The skinny on Republican Party nominee for governor Tom Foley – he was arrested twice more than 20 years ago, charges having been dropped – probably will end in the usual piffle.
The first arrest was for a fender-bender. The driver of the car Foley bumped had an argument with the householder who was throwing a party, and when Foley bumped him, he supposed Foley had done so at the behest of the householder. The charges were dropped.
In the second instance, Foley got into an argument with his wife when their divorce was in process. The divorce was non-amicable. The argument centered on their son, a ping pong ball in the litigation. Foley’s wife was under a court order to tell Foley where she was taking their son when he was in her custody. She refused to do this; he blocked her car in a driveway, then relented and let her go; and he followed her up the street, remonstrating with her along the way. Both Foleys were arrested. The charges were dropped.
A scurrilous charge having been made by Republican primary opponent Oz Griebel that Foley was an abusive husband, the media battered Foley released a letter from his ex-wife that said he had never abused her.
The arrest charges gave birth to exhaustively detailed stories in the Hartford Courant by top investigative reporter Jon Lender, followed by an editorial praising Foley for his response to the story. It seems that every last drop has been rung from this lemon, though Kevin Rennie, a columnist for the paper, is still manfully squeezing the pulp.

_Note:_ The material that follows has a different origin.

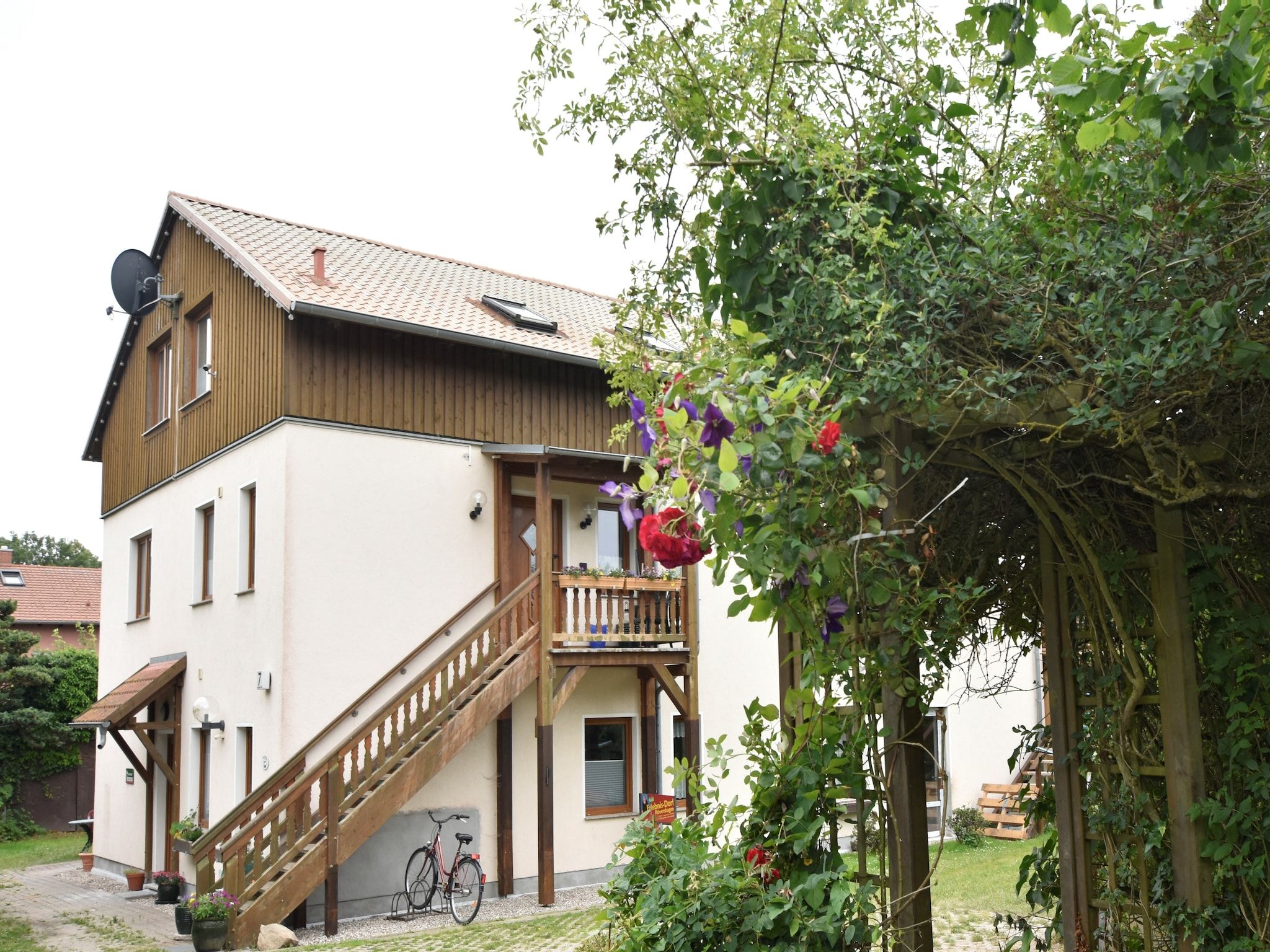 A two-story building with a wooden staircase leading to a balcony, surrounded by greenery and a garden.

Rennie says the two incidents show that Foley has a temper. It is more than possible that Foley’s temper, certainly no more tempestuous than that of ex.-President Bill Clinton, has been tempered after 20 years. Divorce certainly does not bring out the best in people. Struggles over status, particularly when the contest involves the welfare of a child, usually are messy.

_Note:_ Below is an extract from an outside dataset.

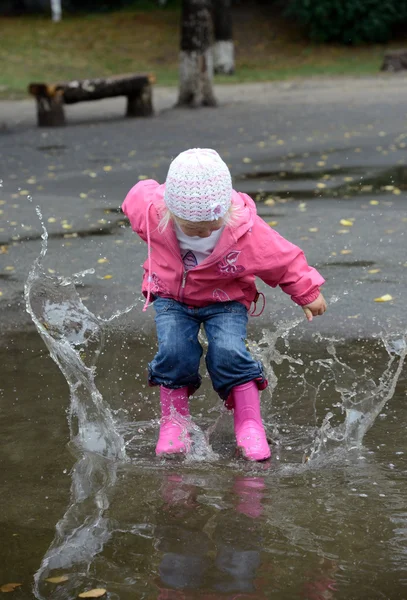 Girl jumping in puddles — Stock Photo, Image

And a temper shown in so few cases should not in itself be considered a bar to public office. There was a point, during World War II, when Winston Churchill lost his temper with Hitler, while others were holding out to him the allure of sweet reason. We don’t want placid dummies to lead us through perilous times. Soft-tempered as he was, even malice-towards-none Abe Lincoln got fed up with his laggard generals, especially General George McClellan, whose unreasonable demands would be enough to make a saint explode in righteous wrath.

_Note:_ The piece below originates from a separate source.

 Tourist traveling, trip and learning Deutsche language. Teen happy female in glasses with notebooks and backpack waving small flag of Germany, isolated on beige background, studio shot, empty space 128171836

McClellan failed to maintain Lincoln’s trust and was aggressively insubordinate. The Lincoln-McClellan divorce, when it came, was bitter. McClellan left the battle field and ran against Lincoln for president on the Democratic ticket on a platform of appeasement. Lincoln won because, at long last, he had found a business like warrior in General Grant, whose temper was tempered by gallons of hooch. When Grant won an important battle just before the election, Lincoln was in. And later, when rumors concerning Grant’s tippling were brought to Lincoln, he said he would be glad to know what whiskey he was drinking so that he could send a few barrels to his other generals.
In today’s media environment, it would be unlikely that either Grant or Lincoln would have made it to the White House. One liked whiskey, and the other was a yarn spinning state representative operating in a corrupt political environment in Illinois who had no executive experience before he became president -- like President Barrack Obama.